Objectives:
The course aims to introduce participants to modern data analytics techniques applied to petrophysical data. It focuses on understanding, integrating, and analyzing large datasets to improve formation evaluation, reduce uncertainty, and make better reservoir decisions using statistical and machine learning tools.
Audience:
This course is designed for petrophysicists, geoscientists, reservoir engineers, and data scientists working with well log data. It is also suitable for professionals seeking to bridge petrophysical interpretation with modern data analytics approaches.
Methodology:
The course uses a combination of lectures, hands-on exercises, and case studies. Participants will explore Python-based tools, workflows for log interpretation, and machine learning applications, gaining practical experience in data processing and predictive modeling.
Scope:
Covers data analytics fundamentals, feature engineering, supervised and unsupervised learning, clustering, regression, and classification.

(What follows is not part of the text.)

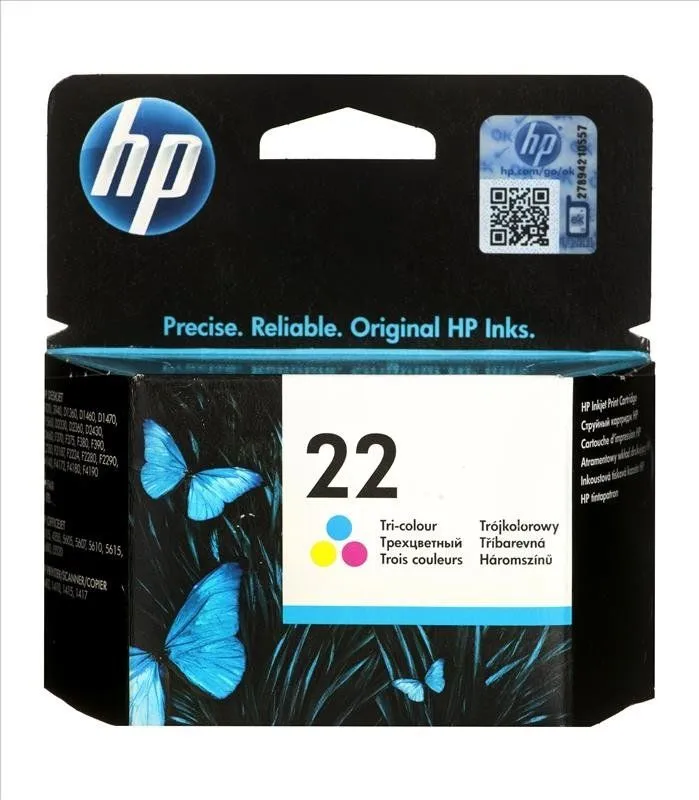 Ngjyrë për printer HP C9352AE no. 22, cyan, magenta, e verdhë - 1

The focus is on practical applications in formation evaluation and integration of core, log, and production data to support reservoir characterization.
Course Program:
- Introduction to course objectives and expectations.
- Overview of potential data sources for petrophysics.

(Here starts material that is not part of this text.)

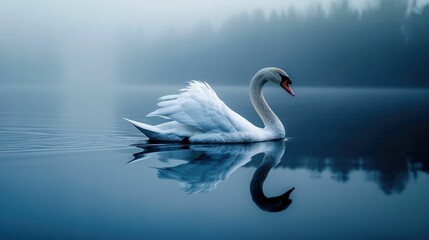 Fototapeta premium A single swan gliding over calm waters, graceful and serene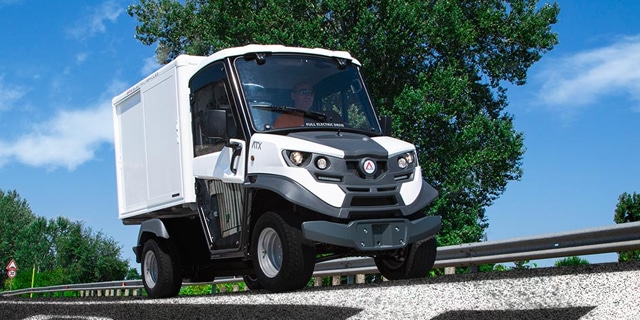 Electric Delivery Vehicle on road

- Introduction to sample datasets and real-life log analysis examples in petrophysics.
- General and Log Analysis specific Python libraries including NumPy, Pandas, Matplotlib, Seaborn, LASIO and WELLY
- Basic to Advanced Pandas operations: handling missing data, merging datasets, grouping, and aggregating data.
- Event detection in petrophysical data: understanding events and implementing rule-based event detection using Python.
- Statistical analysis in Python: t-tests and hypothesis testing.
- Introduction to predictive modeling in petrophysics and log analysis.
- Implementing regression models for predicting petrophysical properties and statistical regression analysis for petrophysical data.